A Federal Communications Commission (FCC), órgão regulamentador das comunicações nos EUA, lançou na semana passada o mais importante desafio econômico global desse setor estratégico na economia do século 21.
A FCC anunciou um plano para reduzir as tarifas nas chamadas telefônicas internacionais.
A nova regulamentação limita o pagamento que poderá ser feito pelas operadoras norte-americanas às estrangeiras por chamadas feitas a partir dos EUA.
O presidente da Comissão, Reed Hundt, que está para sair do cargo, disse que a partir das novas regras as chamadas internacionais feitas a partir dos Estados Unidos terão uma redução dos atuais US$ 0,88 para US$ 0,20 por minuto.
A FCC definiu ainda que a tarifa máxima imposta às operadoras estrangeiras dependerá do grau de desenvolvimento de cada país.
Depois de uma fase de adaptação, as companhias dos EUA pagarão no máximo US$ 0,15 por minuto para a União Européia, Japão e outros países desenvolvidos.
Para os menos desenvolvidos o limite será de US$ 0,19. Para nações da África e outras em desenvolvimento, o teto será US$ 0,23.
O anúncio das novas regras ocorre num momento de fantástico predomínio tecnológico dos EUA nas tecnologias da informação, cujo símbolo é a expansão da Internet. Há também uma confiança extrema na força da economia norte-americana. O presidente Clinton anuncia a queda do déficit público logo depois de fazer um acordo com a oposição para reduzi-lo progressivamente nos próximos anos.
Nesse contexto, o anúncio da política de tarifas foi recebido pelos europeus como mais uma manifestação de unilateralidade e presunção. Os japoneses resistem à abertura de seu mercado de telecomunicações. Operadoras ameaçam recorrer contra a decisão da FCC na Organização Mundial do Comércio.

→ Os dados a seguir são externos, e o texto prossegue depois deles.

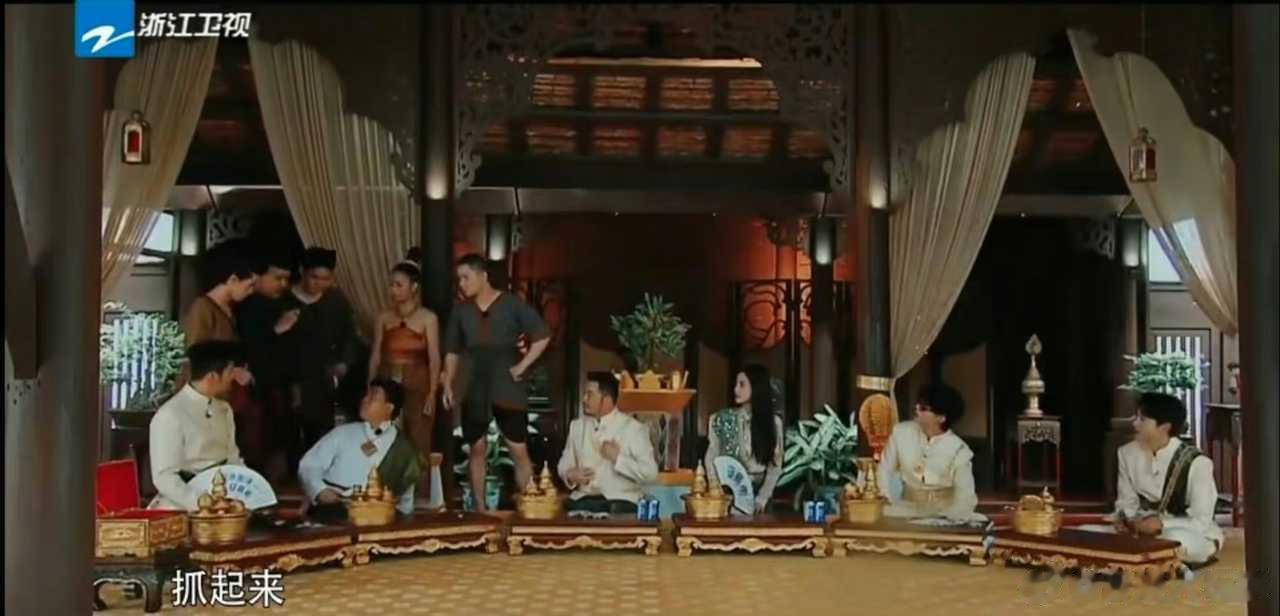 #跑男没有蔡徐坤##奔跑吧泰国篇没有蔡徐坤#  坤坤这波估计没以后了 ​​​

Mas como a quase totalidade do tráfego telefônico mundial (cerca de 70%) ocorre entre países desenvolvidos, europeus e japoneses não têm alternativa. Ou reduzem seus custos, ou estão fora do jogo.
Como as ligações dos EUA para o resto do mundo dominam o mercado, forçar a redução de tarifas significa impor ao resto do mundo um ajuste que diminua os custos das empresas norte-americanas.
Na prática, entretanto, o desafio de reduzir custos é maior nos países menos desenvolvidos, onde os processos de privatização ainda estão em curso. A FCC reconhece isso e dá mais tempo e margem de manobra para a adaptação. Mesmo assim, o poder de pressão dos norte-americanos sobre a liberalização dos mercados nos vários países aumentará muito. O mundo em desenvolvimento tem cinco anos para completar o ajuste.
Quando alguém faz uma ligação telefônica internacional, o país receptor cobra uma tarifa para completar a chamada. O alvo da FCC são os governos que se recusam a reduzir essa tarifa (conhecida como "settlement rate"). Com as novas regras, o governo norte-americano obriga todas as operadoras dos EUA a pagarem uma dada tarifa, deixando sem alternativa um país que queira cobrar mais.
Para os reguladores norte-americanos, o dinheiro assim arrecadado por outros países serve para subsidiar suas empresas. Subsidiadas, estariam em posição de vantagem quando o próprio mercado norte-americano fosse liberado. Antes disso, portanto, os EUA tratam de zerar o jogo estabelecendo um teto universal para a tarifação.
Para qualquer empresa, reduzir custos é sinônimo de investir em novas tecnologias, ganhar produtividade, eficiência e agilidade financeira. O mesmo vale para o setor de telecomunicações.
Resta saber se o enquadramento será possível nos países onde o sistema é em larga medida estatal ou ainda precisa de mais de cinco anos para se modernizar. Em princípio, a pressão dos EUA levaria esses países a uma liberalização mais acelerada. Nesse caso, a vantagem passa a ser das empresas norte-americanas, interessadas em comprar e operar o máximo de serviços de telecomunicações em escala global.
Apesar da iniciativa unilateral, nos próximos meses o processo de negociação vai se intensificar e é bem provável que a questão seja levada a instâncias de arbitragem internacional, como a OMC ou a International Telecommunications Union (ligada à ONU).
Difícil mesmo será encontrar um árbitro capaz de falar mais alto que a lógica nua e crua do predomínio tecnológico e financeiro norte-americano nas telecomunicações.